I don’t think that there’s a simple, one-time-action solution for this, but rather, it’s a tweaking/trial that I’ll have to watch. Completing Daudelin’s  (1996) learning cycle may take some time for this problem.

 

References:

Daudelin, M. W. (1996). Learning from experience through reflection. Organizational Dynamics, 24(3), 36—48

Katzenbach, J. R. & Smith, D. K. (1992). Why teams matter. McKinsey Quarterly, (3), 3--27

2 Comments

  1. To start off, I find it really interesting the way you seem to connect your journals. You do not drop issues that are unresolved in past weeks and I would imagine that this helps you complete the learning cycle and be as considerate as possible. In week 4 I also observed this and commended you for it because you wrote a very interesting learning journal, although it did approach your struggles in a very unique way. Your writing is still very clear and easy to follow along. I think that the way you structured this journal makes it even more clear than the other one, considering you seem to base your structure on the many stages of Daudelin's Learning Cycle. You also incorporated the readings in a unique way where you did not go into what they said specifically but rather just used them as a support and it seems to have worked quite successfully. My only critique would be that since we are supposed to be working with such a small word count it might be worth trying to go through and condense some of your thoughts. Your learning journal is very thorough, which definitely works to your advantage in terms of clarity, but it might be worth trying to go through and edit it one more time to see if you can make your thoughts come across all the more concisely by getting rid of any fluff. I commended your unique approach in week 4 and want to continue to commend your work now. You have definitely improved and followed the more expected structure of a learning journal, but you also have not lost the quirk which made your writing so interesting to read.

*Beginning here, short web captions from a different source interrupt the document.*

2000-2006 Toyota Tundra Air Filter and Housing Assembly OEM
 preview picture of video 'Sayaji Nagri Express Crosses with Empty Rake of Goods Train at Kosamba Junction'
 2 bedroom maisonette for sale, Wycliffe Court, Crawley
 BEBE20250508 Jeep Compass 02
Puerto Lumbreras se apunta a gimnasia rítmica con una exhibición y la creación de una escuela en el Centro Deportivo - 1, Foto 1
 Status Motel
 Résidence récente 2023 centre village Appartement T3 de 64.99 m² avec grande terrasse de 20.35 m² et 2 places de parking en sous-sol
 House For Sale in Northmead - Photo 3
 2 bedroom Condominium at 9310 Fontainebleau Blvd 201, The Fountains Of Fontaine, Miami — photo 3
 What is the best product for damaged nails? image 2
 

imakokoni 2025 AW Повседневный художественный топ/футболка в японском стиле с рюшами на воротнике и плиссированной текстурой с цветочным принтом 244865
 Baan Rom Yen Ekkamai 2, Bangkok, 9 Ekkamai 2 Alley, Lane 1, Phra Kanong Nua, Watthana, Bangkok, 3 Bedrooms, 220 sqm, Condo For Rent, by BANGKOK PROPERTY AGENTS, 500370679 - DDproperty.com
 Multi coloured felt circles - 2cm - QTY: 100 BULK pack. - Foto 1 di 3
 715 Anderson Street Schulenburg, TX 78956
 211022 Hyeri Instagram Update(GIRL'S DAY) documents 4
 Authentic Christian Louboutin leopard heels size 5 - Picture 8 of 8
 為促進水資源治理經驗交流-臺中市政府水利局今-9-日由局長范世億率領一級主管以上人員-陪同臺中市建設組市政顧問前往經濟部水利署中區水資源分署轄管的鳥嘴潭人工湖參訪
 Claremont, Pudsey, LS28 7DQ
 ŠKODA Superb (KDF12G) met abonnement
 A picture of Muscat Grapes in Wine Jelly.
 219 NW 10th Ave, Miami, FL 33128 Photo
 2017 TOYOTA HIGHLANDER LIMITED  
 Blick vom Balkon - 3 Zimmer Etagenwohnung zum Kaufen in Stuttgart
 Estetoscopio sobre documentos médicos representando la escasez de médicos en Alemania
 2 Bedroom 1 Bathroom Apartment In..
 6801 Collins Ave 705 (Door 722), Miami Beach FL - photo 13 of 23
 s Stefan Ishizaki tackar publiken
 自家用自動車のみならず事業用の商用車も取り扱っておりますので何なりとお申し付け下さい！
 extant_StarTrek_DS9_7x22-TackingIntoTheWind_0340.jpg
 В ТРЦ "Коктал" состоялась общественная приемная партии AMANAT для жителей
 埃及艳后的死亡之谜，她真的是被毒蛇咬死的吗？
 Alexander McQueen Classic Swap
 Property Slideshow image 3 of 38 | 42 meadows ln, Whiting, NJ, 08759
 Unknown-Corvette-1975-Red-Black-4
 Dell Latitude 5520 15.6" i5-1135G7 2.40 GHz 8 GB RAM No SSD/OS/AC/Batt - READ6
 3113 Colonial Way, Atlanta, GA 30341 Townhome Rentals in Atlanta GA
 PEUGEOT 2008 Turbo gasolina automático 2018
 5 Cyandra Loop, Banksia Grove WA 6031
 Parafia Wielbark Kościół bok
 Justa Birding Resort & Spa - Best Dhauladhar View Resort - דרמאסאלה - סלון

  2. sorry for the slightly late feedback (been juggling work and experiencing a power cut) which has meant im 15 mins late... not intentional. 

    i re-read your journal from week 4 before reading your most recent journal. I also re-read the feedback i gave you in week 4. I feel like you have made a huge improvement in terms of flow and structure of your journal. the questions you ask you answer and also its more succinct and in depth from what you previously wrote. I feel this is better as you stuck to a few questions and didn't expand into many different topics - the focused structure is a good structure. 

    As mentioned above, I also like how you have connected your previous weeks journals and therefore treated them all as a whole and not independently. I feel this constant mention to past journals and including them all and constantly reflecting on the past will strongly help you for your summative journal. 

    I feel your journal this week was interesting and I can see why you thought that was a serious issue - maybe you could have also bought in some content from the reading about leaders and followers as you clearly demonstrate leadership and follower issues within your team (which is good and bad). 

    I like how you havn't just incorporated the readings for the week for the sake of it, but truly focused on an issue and stuck to it and critiqued it well. I feel like you will do very well in your summative journal.

    I hope the last week of Mikes Bikes goes well for you and your team.